Klimawandel und Kriege

Eine neue Studie zeigt einen zeitlichen Zusammenhang zwischen klimabedingten Ernteeinbrüchen, Kriegen und Bevölkerungsrückgang


In Tageszeitungen, Magazinen und wissenschaftlichen Publikationen wird in diesem Jahr so viel über die sozialen Folgen des Klimawandels berichtet wie nie zuvor. Auch der UN-Klimarat warnt, daß die allgemeine Erderwärmung noch in diesem Jahrhundert dazu führen könnte, daß Milliarden Menschen nicht genügend Trinkwasser haben werden. Kein Wasser bedeutet jedoch auch, nicht genügend Getreide anbauen zu können. Das heißt, die Menschen werden hungern. Vor zehn Jahren wären solche Vorhersagen unter Wissenschaftlern noch als Alarmismus abgetan worden, inzwischen wird der prognostizierte Zeitpunkt, ab wann der Klimawandel nach Expertenansicht ernsthafte Folgen für die Menschheit nach sich ziehen könnte, immer weiter vorverlegt.

Jüngste, in der hiesigen Öffentlichkeit erstaunlich wenig beachtete Notmaßnahmen der EU-Kommission zur Sicherung der Nahrungsversorgung der europäischen Bevölkerung passen exakt in das Bild, das von Klimaforschern vorhergesagt wird: Erstens hat die EU vor einigen Monaten die Bestimmungen zur Flächenstillegung außer Kraft gesetzt, damit die Landwirte diese Gebiete zum Anbau nutzen können. Zweitens haben die EU-Agrarminister diese Woche Dienstag die Importzölle auf Getreide aufgehoben, weil die Getreidepreise spektakulär gestiegen und die Reserven aufgebraucht sind [Anm. 1].

Die EU hat in diesem Jahr ihre Interventionsbestände fast vollständig verteilen müssen, um den Preisanstieg zu dämpfen und die Versorgung aufrechtzuerhalten. Dieses politische Steuerungsinstrument steht nun nicht mehr zur Verfügung. Die einstmals 14 Millionen Tonnen Interventionsgetreide sind auf 0,5 Million Tonnen geschrumpft.

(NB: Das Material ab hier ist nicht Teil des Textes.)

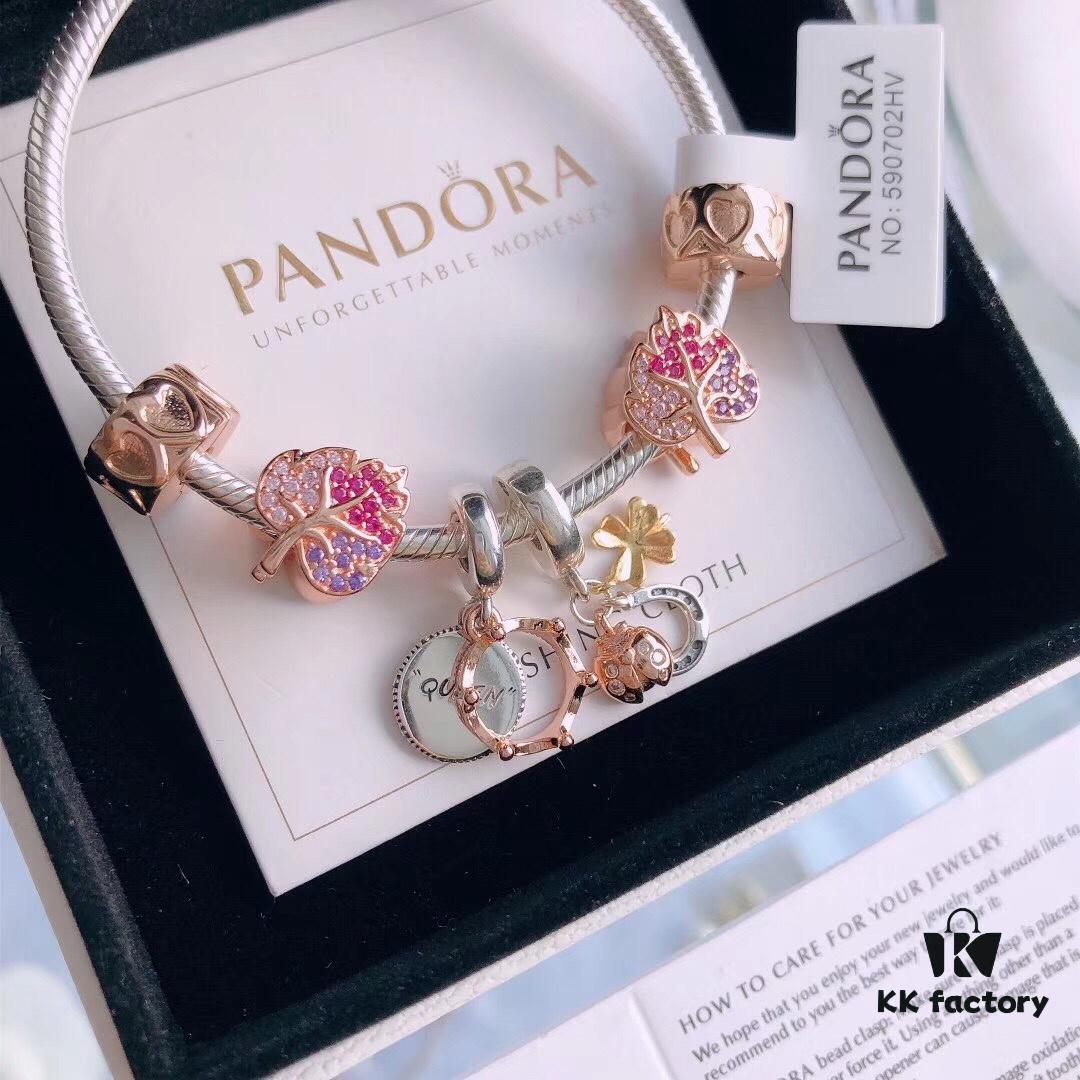 692fe59699f2d84055c8c2c6 New Autumn Collection ✨ Brilliantly Launched 🔝 Pandora 'Radiant Falling Leaves' Bracelet Set – Official Website Same Style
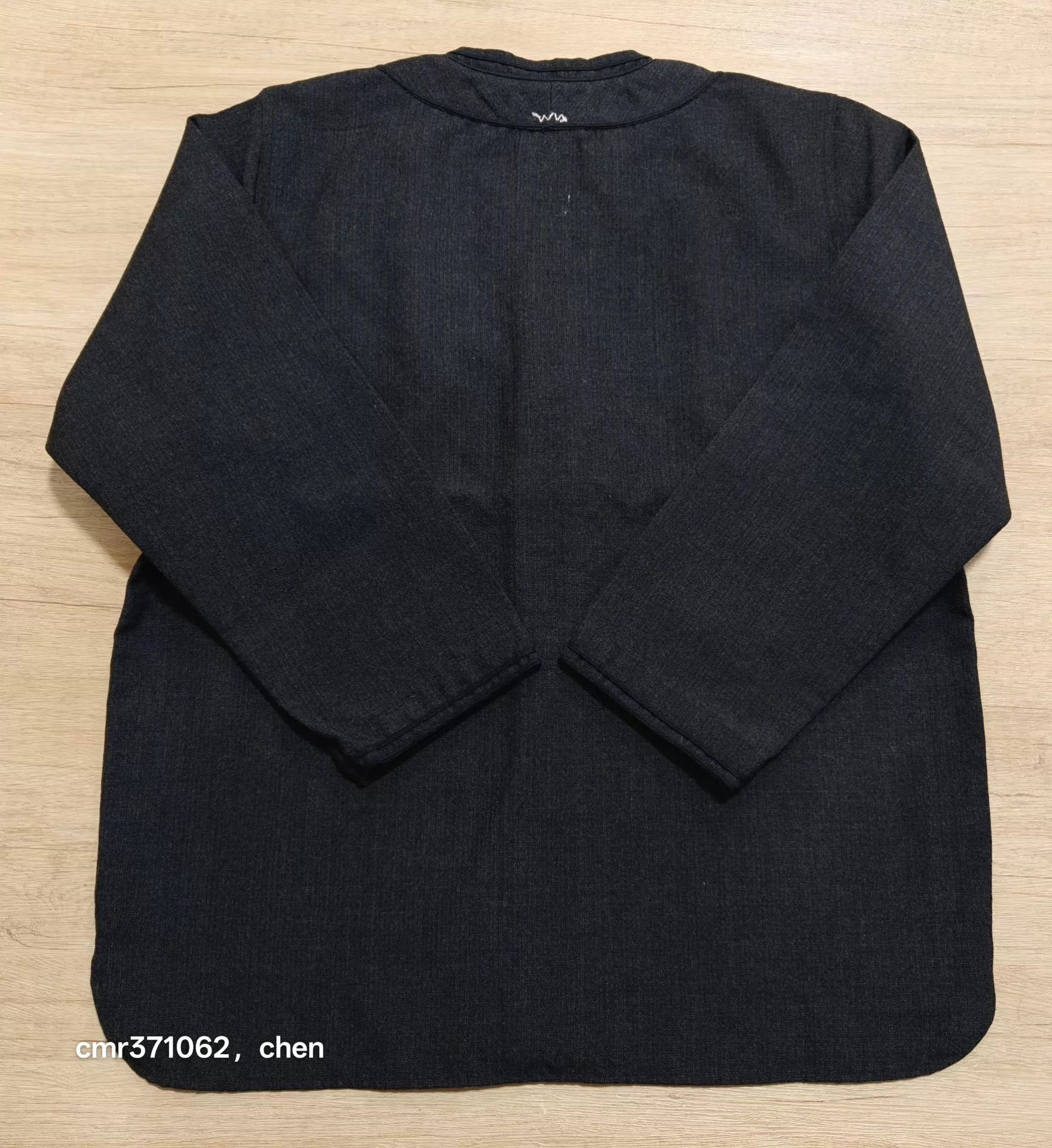 Visvim visvim 18aw spot dugout l/s charcoal 3 new Size US L / EU 52-54 / 3 - 6 Thumbnail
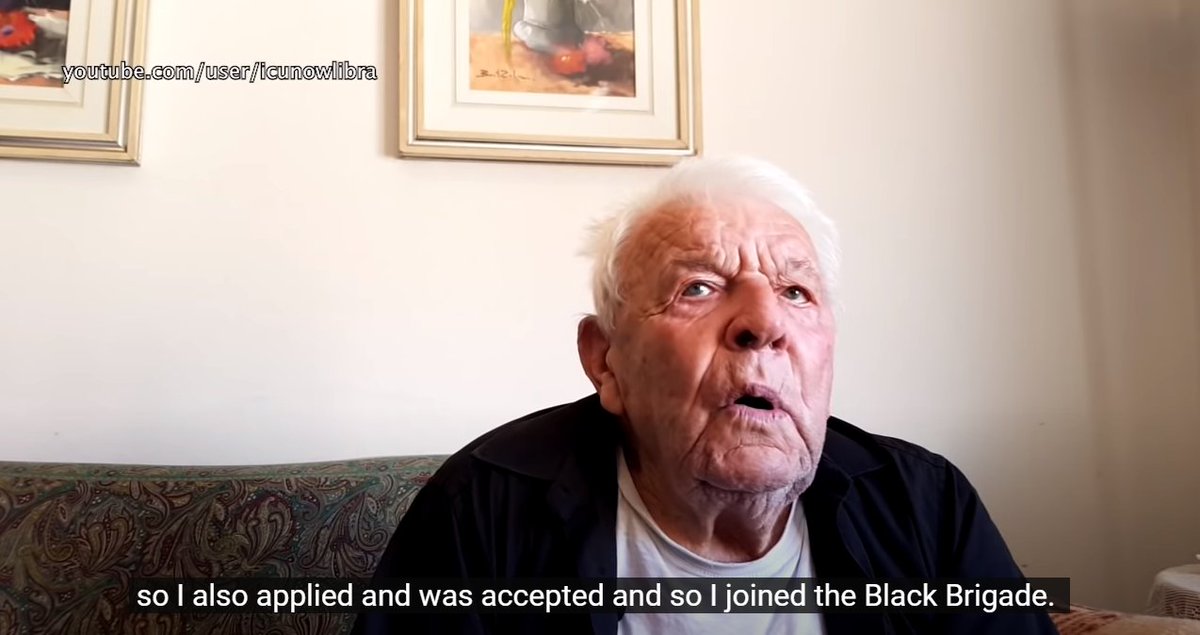 Might have messed up the age, he does seem to change it along the interview.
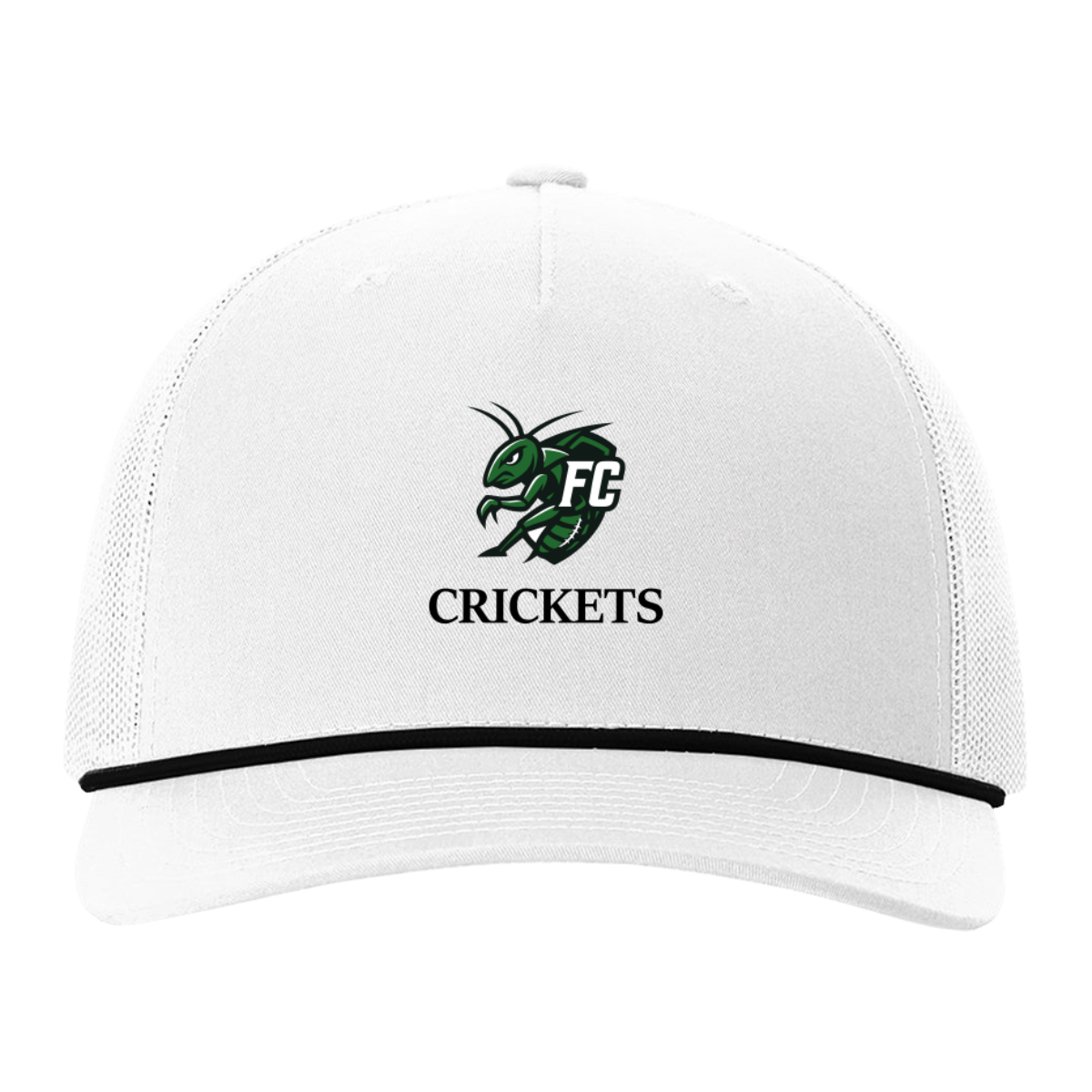 Crickets Richardson Rope Trucker Hat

Die Lager sind leer, deshalb will die Europäische Union Getreide aus anderen Weltregionen erwerben. Dort besteht allerdings das gleiche Problem. Auch Indien, Ägypten, China, Rußland, Australien und andere Staaten wollen ihre Lager auffüllen. Es gibt jedoch nicht genügend Getreide, was neben anderen Faktoren (Bevölkerungswachstum, Biotreibstoffproduktion) auch auf klimatische Veränderungen zurückzuführen ist. Die kapitalstarke EU wird sicherlich eher als viele Konkurrenten die Möglichkeit haben, Getreide zu erwerben, das in anderen Weltregionen dann fehlt, aber auch hierzulande könnte es eng werden. Die diesjährige Ernte ist deutlich geringer ausgefallen als die im vergangenen Jahr, die auch schon unterdurchschnittlich war.

Sollte in Europa im kommenden Jahr keine gute Ernte eingefahren werden, dann steht zu befürchten, tritt eine Entwicklung ein, wie sie David Zhang (University of Hong Kong) und Peter Brecke (Georgia Institute of Technology's Sam Nunn School of International Affairs) vergangene Woche in den "Proceedings of the National Academy of Sciences" geschildert haben [Anm. 2]. Der Klimawandel werde Kriege und einen Bevölkerungsrückgang auslösen, weil die landwirtschaftliche Produktivität abnimmt, schrieben sie.

Die internationale Forschergruppe hatte geschichtliche Daten aus der sogenannten kleinen Eiszeit, die zwischen 1400 und 1900 auftrat, untersucht und festgestellt, daß es immer dann vermehrt Kriege entfacht wurden, wenn sich das Klima abkühlte. In der Folge sei auch regelmäßig die Bevölkerungszahl zurückgegangen, schrieben die Forscher.

Sie stützten ihre Studie auf historische Aufzeichnungen über Kriege und sogenannte Proxydaten, wie sie unter anderem aus Baumringen, Eisbohrkernen und Korallenriffen abgeleitet werden, um sich ein möglichst genaues Bild von der vergangenen Klimaentwicklung zu machen. Anhand dieser Daten wurde ein Zusammenhang zwischen Kälteeinbrüchen und Kriegen festgestellt. Grob gesagt kam es in den "kalten Jahrhunderten" fast doppelt so häufig zu Kriegen wie im relativ milden 18. Jahrhundert.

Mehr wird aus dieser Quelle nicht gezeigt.